Auch die Pariser Staatsanwaltschaft ermittelt seit Sommer 2025 gegen
X. Die ursprüngliche Ermittlung dreht sich um den Vorwurf,
rechtsextreme Inhalte seien gefördert worden. Neu sind jetzt auch
Vorwürfe wegen Holocaustleugnung und sexueller Abbildungen.
Indonesien und Malaysia sperren Grok
Als erste Länder weltweit ziehen Indonesien und Malaysia am
Wochenende strikte Konsequenzen: Sie sperren den KI-Chatbot. Die
indonesische Digitalministerin Meutya Hafid erklärte, der Schritt
diene dem Schutz von Frauen, Kindern und der breiten Öffentlichkeit
vor der Verbreitung gefälschter pornografischer Inhalte, die mit
Hilfe von KI generiert würden. Am Sonntag hatte auch die malaysische
Kommunikations- und Multimedia-Kommission (MCMC) angekündigt, den
Zugang zu Grok vorübergehend zu sperren.
Musk selbst schrieb am Montag auf seiner Plattform: «Im Vergleich zu
anderen KI-Systemen ist Grok absolut zuverlässig. Und es wird noch
viel besser werden.» Ziel der KI sei es, stets neugierig nach der
tieferen Wahrheit zu suchen und Schönheit zu schätzen.

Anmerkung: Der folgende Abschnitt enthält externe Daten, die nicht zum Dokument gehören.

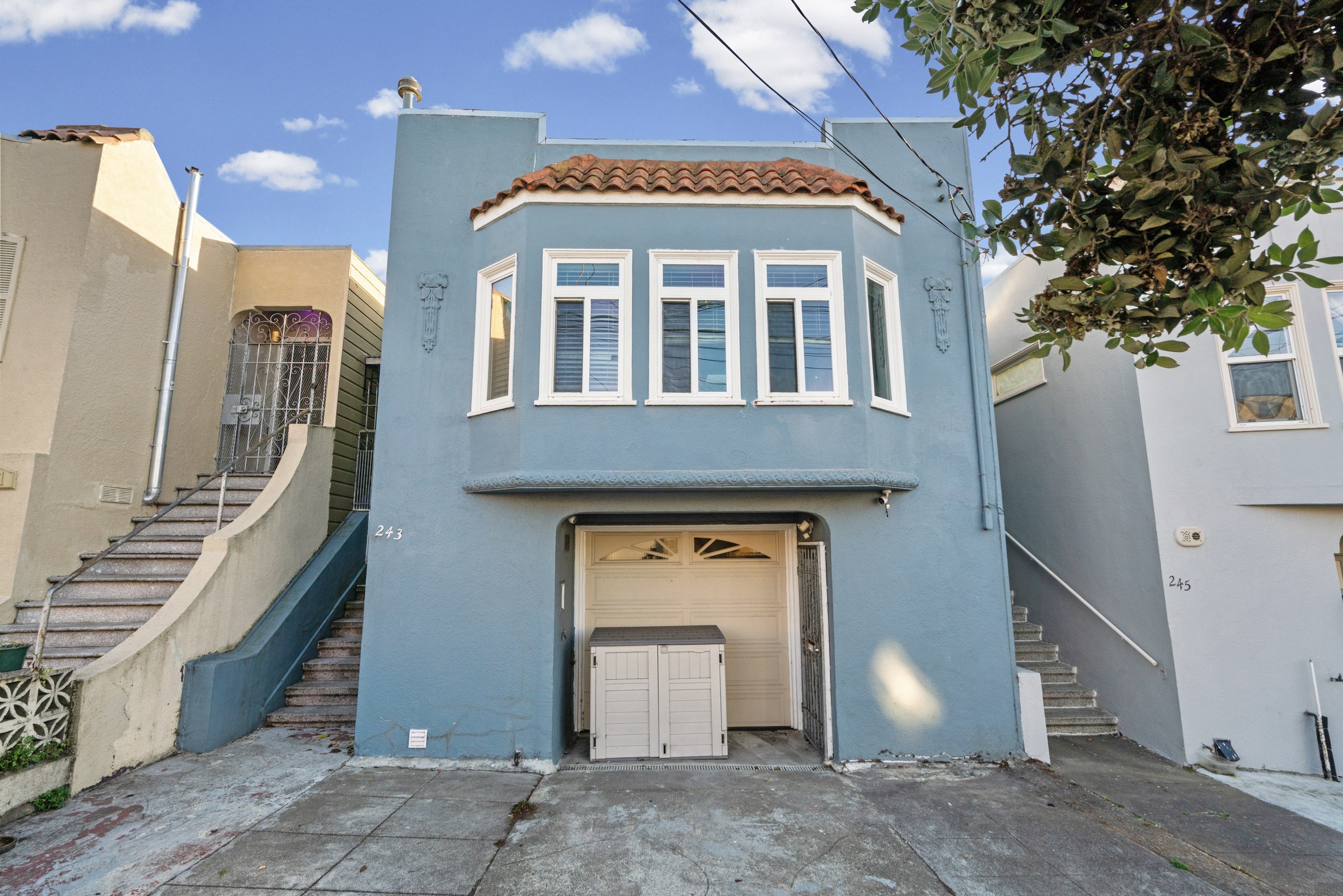 Blue facade of 243 Farallones Street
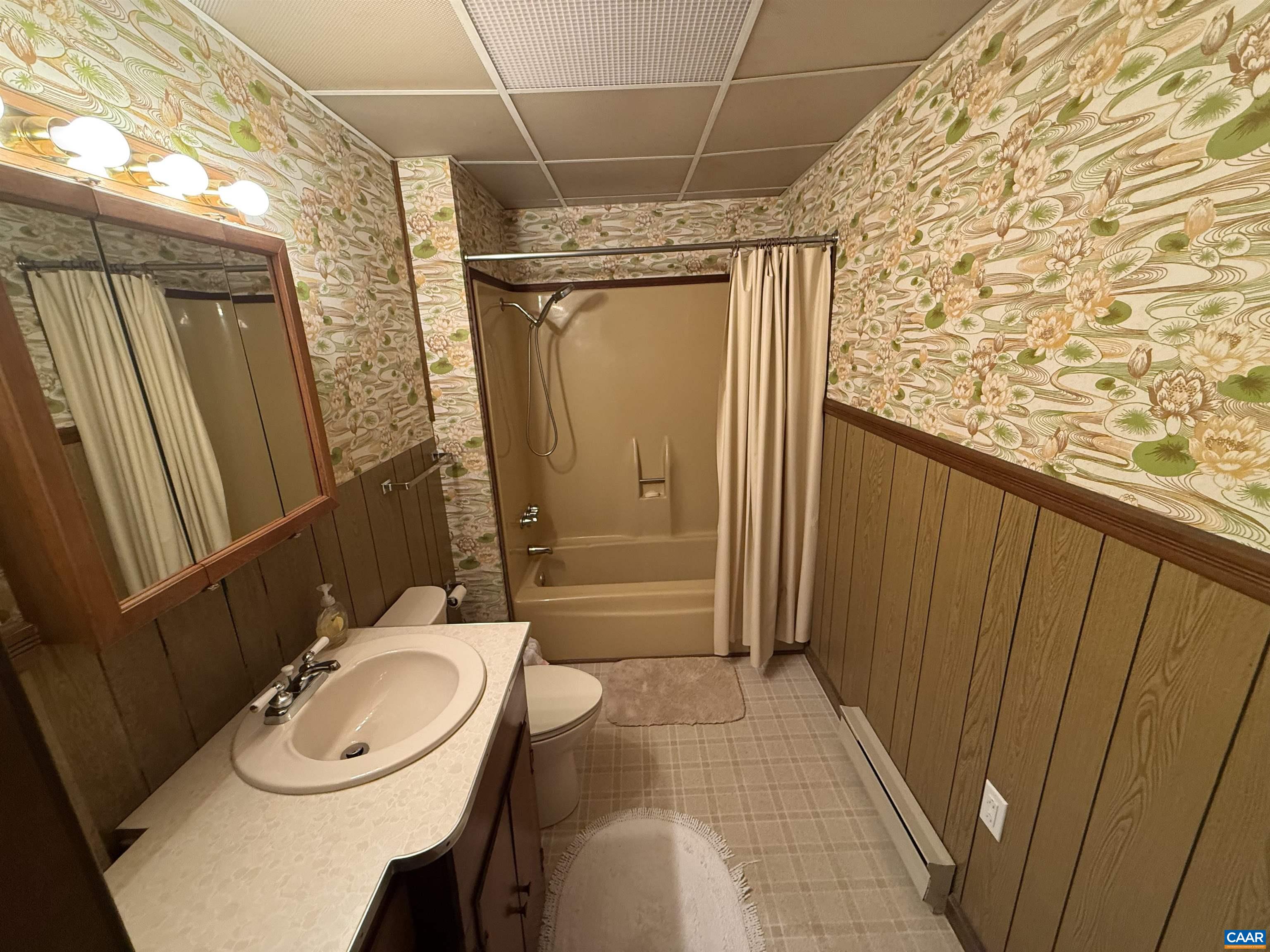 5609 New Line Road Gum Spring, VA 23065 - Photo 27 of 61 a bathroom with a granite countertop sink toilet and shower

EU-Digitalgesetze sorgen für Spannungen mit den USA
In Anbetracht der seit Jahren andauernden Ermittlungen halten
Kritiker der EU seit längerer Zeit vor, ihre Digitalregeln nicht
konsequent genug durchzusetzen. Gleichzeitig behaupten die
US-Regierung von Präsident Donald Trump wie auch Musk, Brüssel
betreibe Zensur.
Washington verhängte kurz vor Weihnachten als Reaktion auf
europäische Maßnahmen Einreiseverbote gegen mehrere Europäer. Die
Sanktionen könnten auch als Warnung an die EU-Kommission von Ursula
von der Leyen verstanden werden, keine weiteren Maßnahmen zu
ergreifen.
Schwedens Ministerin: Welt braucht weniger «Arschlöcher»
Die schwedische Politikerin Busch nimmt in einem Statement besonders
die Nutzer in die Verantwortung: «Wie wäre es, wenn wir zweimal
überlegen, bevor wir KI auf diese Weise einsetzen, und darauf achten,
was wir online teilen?», fragt sie in dem Video, das sie auf X nach
dem Eklat postet. «Die Welt braucht mehr gute Männer und Frauen und
weniger Arschlöcher», fügt sie hinzu.